Problem = Here the job is to print only the lines from the one containing "SikSilk Winterjas in Wit" to the end of the entries, both included, exactly as they stand, with pictures excluded.

Short text fragments from websites
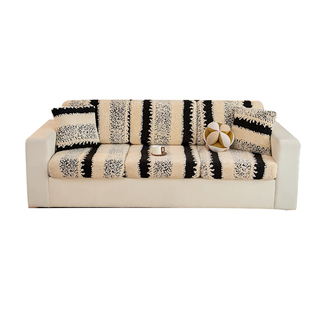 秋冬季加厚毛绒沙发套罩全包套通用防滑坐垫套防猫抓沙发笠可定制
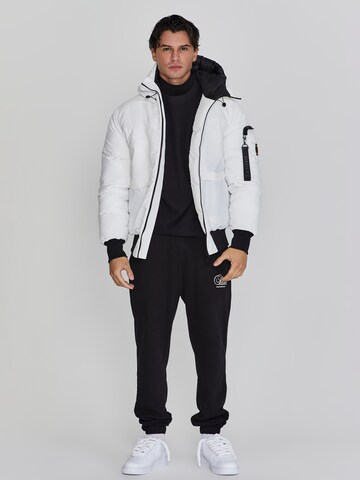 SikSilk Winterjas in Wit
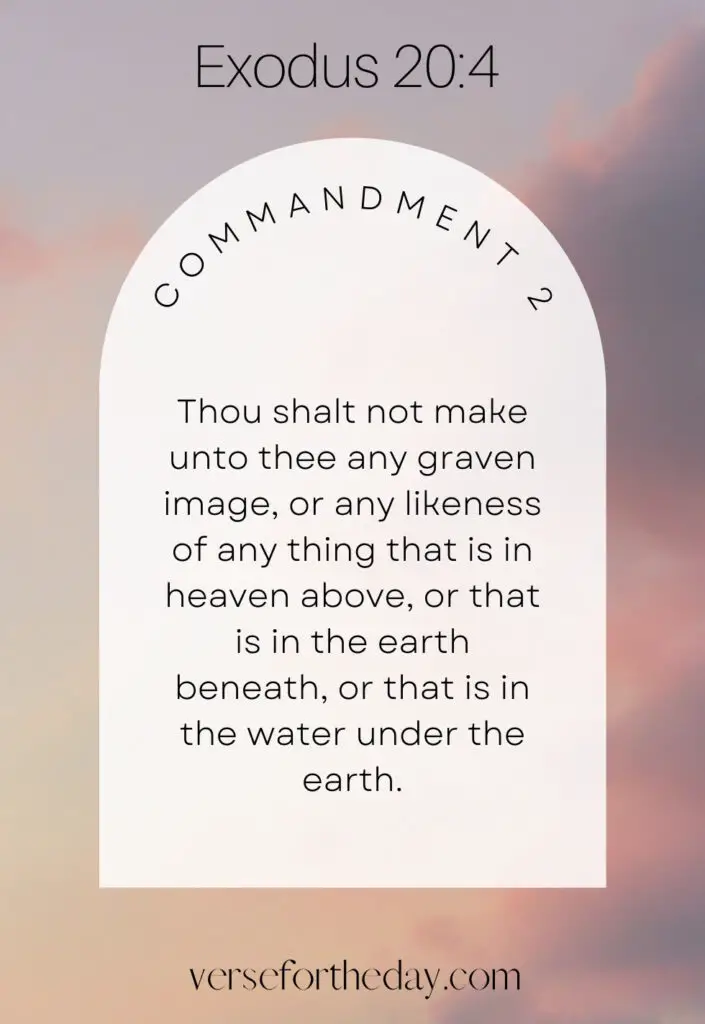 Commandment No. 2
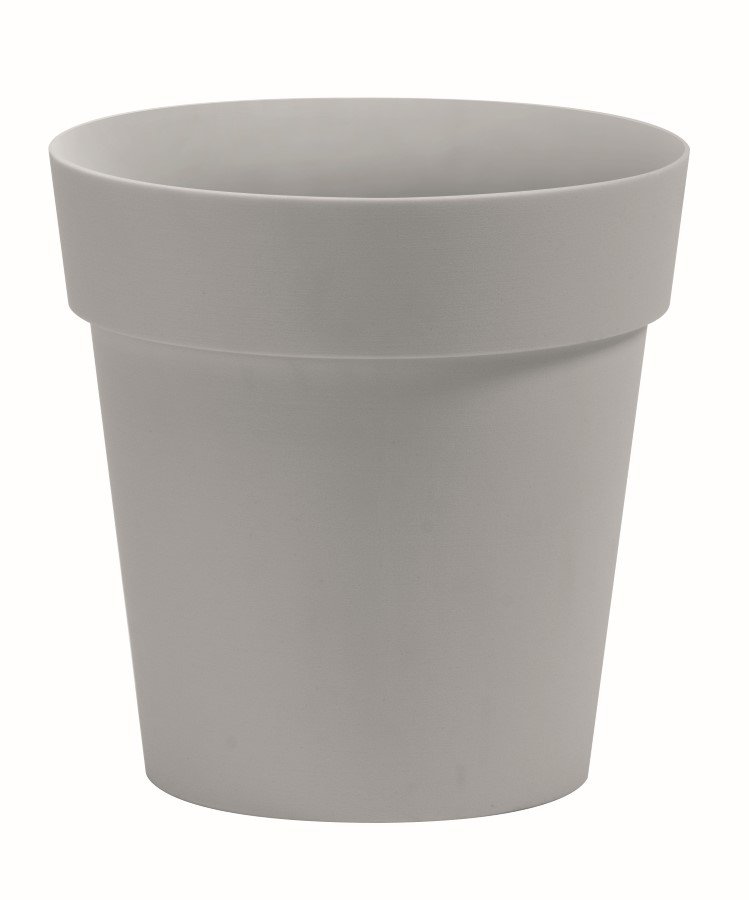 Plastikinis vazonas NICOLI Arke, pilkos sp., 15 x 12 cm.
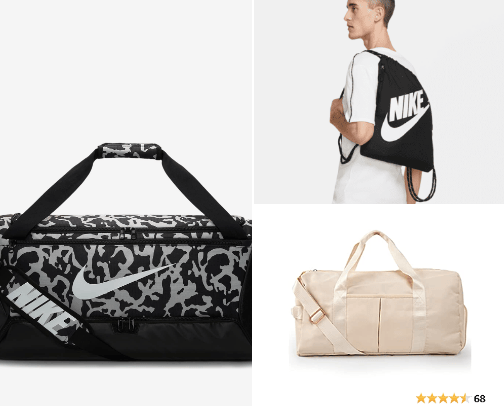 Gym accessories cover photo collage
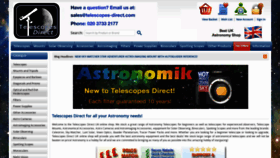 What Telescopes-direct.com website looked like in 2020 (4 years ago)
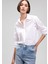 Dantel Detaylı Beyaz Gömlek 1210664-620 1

Written answer =
 SikSilk Winterjas in Wit
 Commandment No. 2
 Plastikinis vazonas NICOLI Arke, pilkos sp., 15 x 12 cm.
 Gym accessories cover photo collage
 What Telescopes-direct.com website looked like in 2020 (4 years ago)
 Dantel Detaylı Beyaz Gömlek 1210664-620 1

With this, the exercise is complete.